Interviewé par L’Economiste Maghrébin (n°719 du 6 au 20 septembre 2017), l’ancien ministre Mahmoud Ben Romdhane ne se gêne nullement pour appeler les choses par leur nom. Ne se dérobant point aux questions, il fait le bilan de ce que nous vivons avec clarté, circonspection et lucidité. Son discours est sans ambages. Extraits…
L’Economiste Maghrébin : la situation est irrémédiable, ou bien des possibilités de sortie de crise sont, d’après vous, envisageables ?
Mahmoud Ben Romdhane : Je n’utiliserais pas le terme de possibilités, car malheureusement, nous ne sommes plus dans cette perspective, mais plutôt de nécessité. Un New Deal tunisien doit être mis en route. Il lui faut des préalables, des exigences et un contenu. Pour les préalables, il importe de considérer que le pire est peut-être devant nous. Il nous faut donc l’éviter à tout prix. Pour cela, il faut nous armer de vision claire et nous fixer un horizon. C’est une question de salut car, il faut l’avouer, le spectre grec est à nos portes.
Comme vous l’avez compris, il nous faut d’abord et avant tout protéger nos secteurs productifs stratégiques, les libérer des occupations et leur faire reprendre leur niveau optimal de production.
Il nous faut reprendre nos capacités en termes d’analyse stratégique et de vision. En plus de la mise en place des institutions et des mécanismes en charge de l’analyse de l’état des finances publiques, il faut procéder à une refonte des finances publiques et les restituer dans une vision stratégique et intégrée. En d’autres termes, intégrer le budget de l’année à venir dans une perspective de moyen et de long terme, intégrer la sécurité sociale, les entreprises publiques et les entités locales et régionales dans la préparation et la présentation du budget au parlement. De même, intégrer tous les actifs et tous les passifs de l’Etat dans l’analyse des finances publiques.
Est-ce tout, ou seulement une première étape qui devra s’enchaîner à d’autres ?
Non, tout doit être mené de concert.
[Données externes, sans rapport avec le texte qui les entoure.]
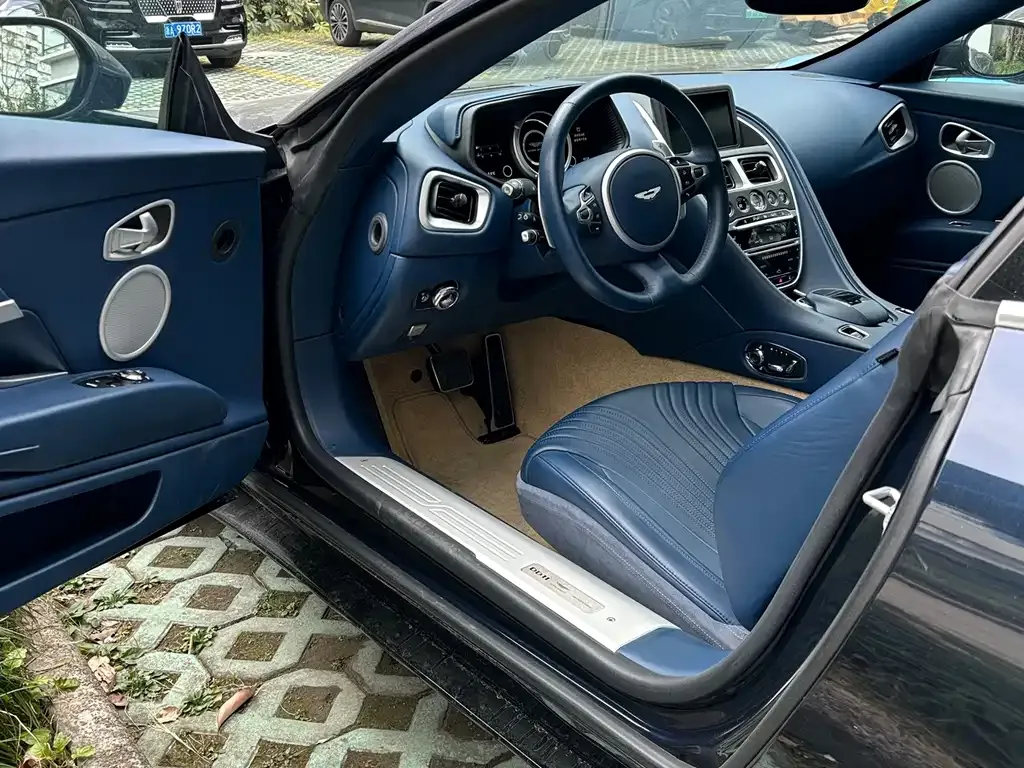 Aston Martin DB11 2021 из CN, фото 4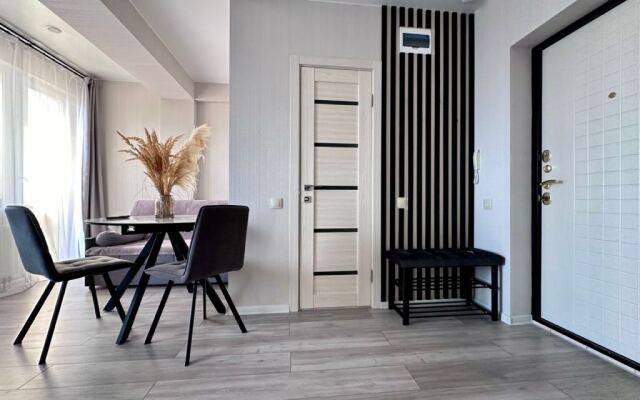 Lux Black&White  Apartments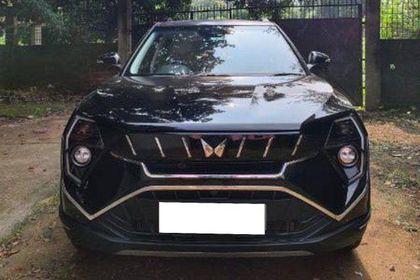2025 Mahindra XUV 3XO AX7 L Turbo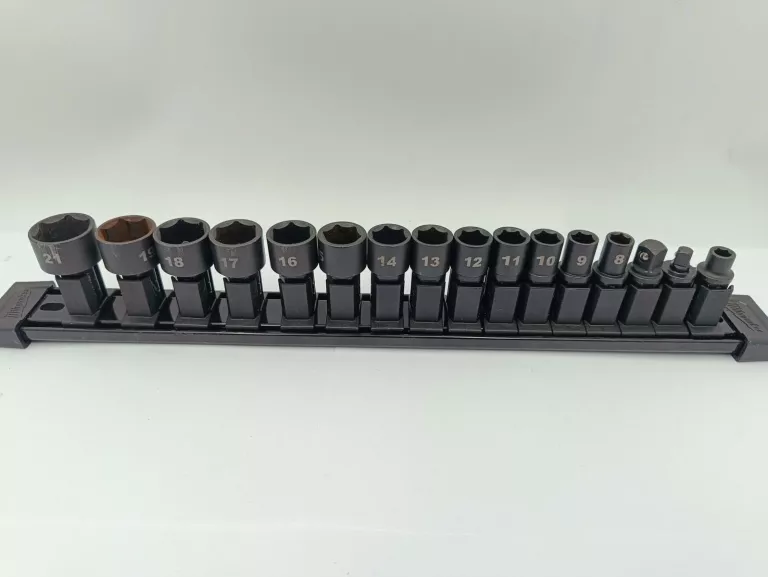 milwaukee-fptr-grzechotka-udarowa-plus-akumulator-6ah-zasilanie-209202-1769478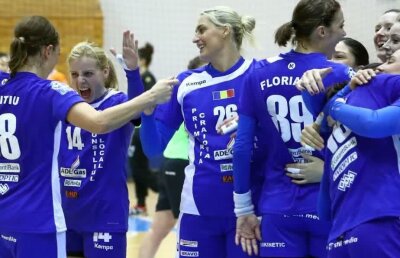 Echipele din România își află adversarele din Cupa EHF » SCM Craiova e în urna favoritelor, iar debutantele SCM Rm. Vâlcea și Măgura Cisnădie vor fi în cea a outsiderilor
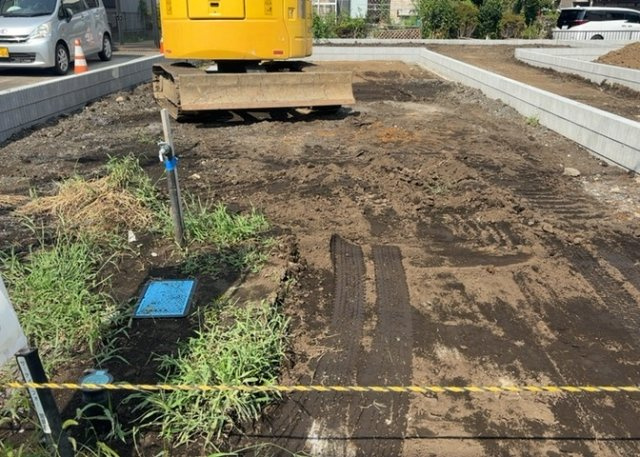 土地の面積＝住宅面積ではありません。建ぺい率の問題などで、土地のある場所によって住宅を建てられる面積は限られています。高さもしかり、「土地」という言葉の中には、建築条件も含まれると考えておきましょう。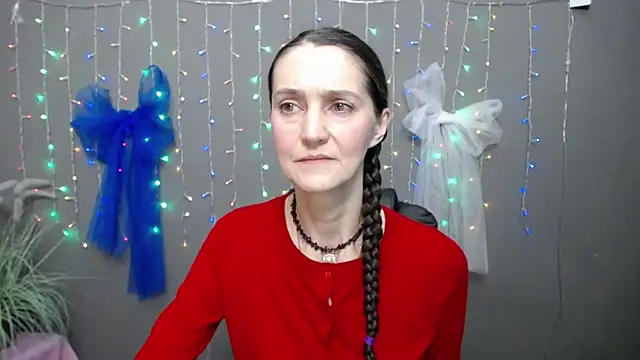 TayaFinch online show from November 25, 2025, 2:17 pm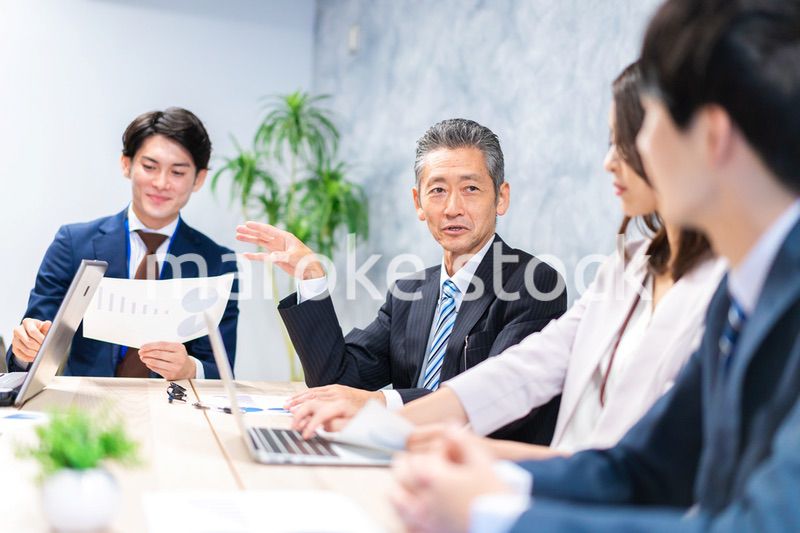 オフィスで会議をするビジネスパーソン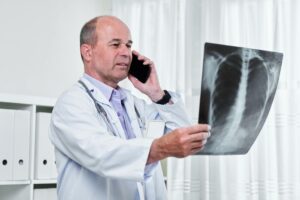 quanto ganha radiologista medico celular exame
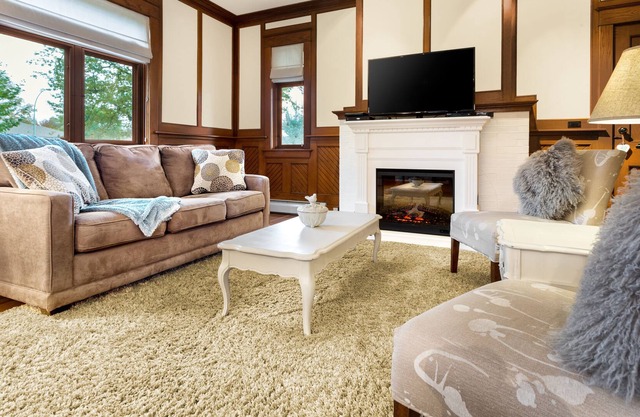 Executive Elegance Close to Lake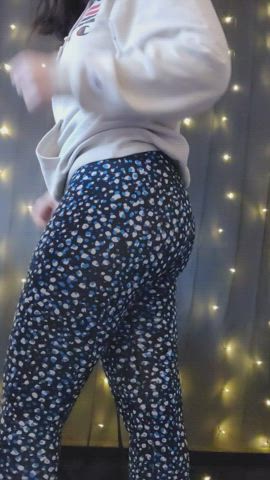 In case you were looking for a brunette with a big ass--I'm the definition of a pawg! - free porn video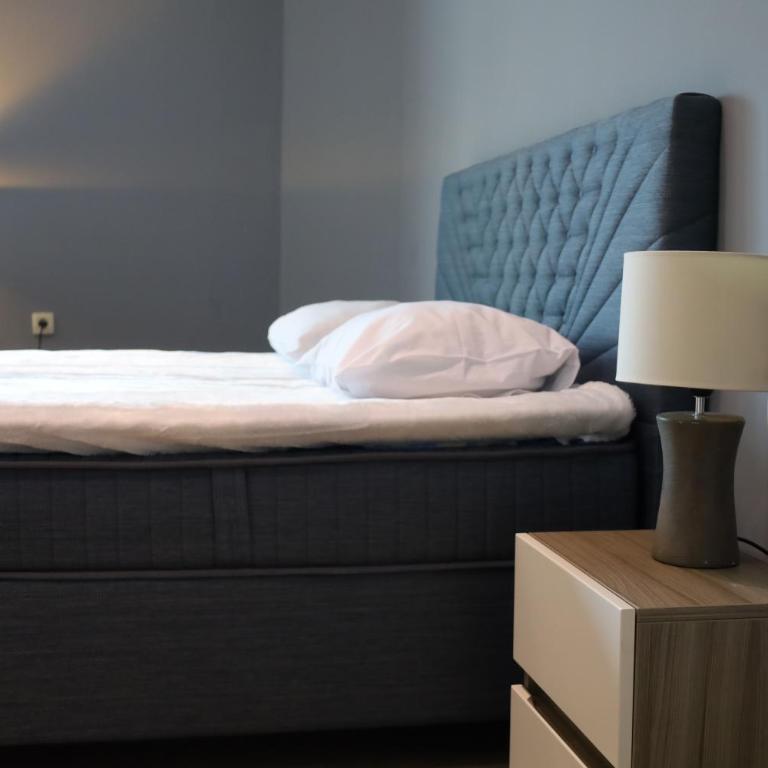 Status-M Apartments Franca - King Studio with Sofa Bed - 12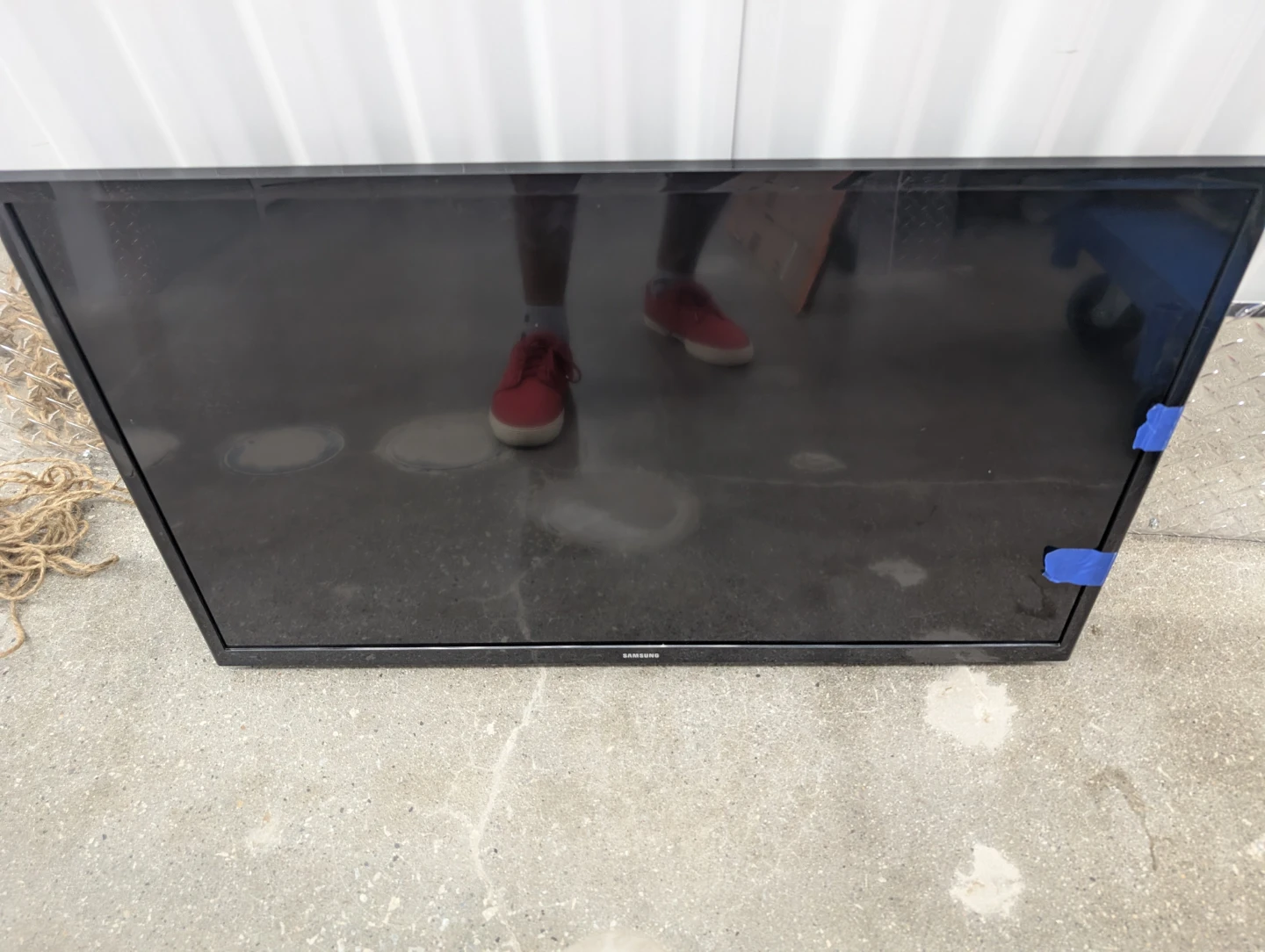 Samsung UN32M4500SF 32" Smart TV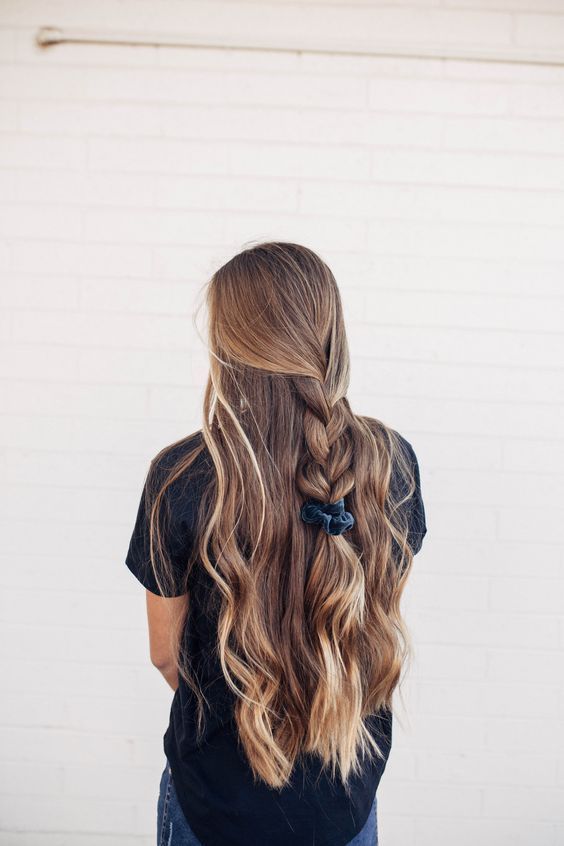 9 Lovely Summer Hairstyles for Long Hair Half Up for 2019 : You Must Give Them A Try! -   16 hair Summer long ideas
Il est impératif de procéder à une réforme de l’Administration, ce qui signifie veiller à réduire la facture salariale pour pouvoir arriver, à l’horizon de 2020, à un ratio masse salariale de l’Administration-PIB de 11 à 12 pour cent et descendre à 10 pour cent en 2023, afin de dégager des ressources pour des utilisations plus productives. Il urge, en outre, d’améliorer la collecte des impôts dans le cadre d’une plus grande justice fiscale. De même, il faut restructurer les entreprises publiques, ce qui requiert le soutien de l’Etat et l’instauration du contrat de performance de l’entreprise. En somme, une nouvelle gouvernance avec des règles de gestion moins rigides, un contrôle des transactions et des recrutements a posteriori et non a priori.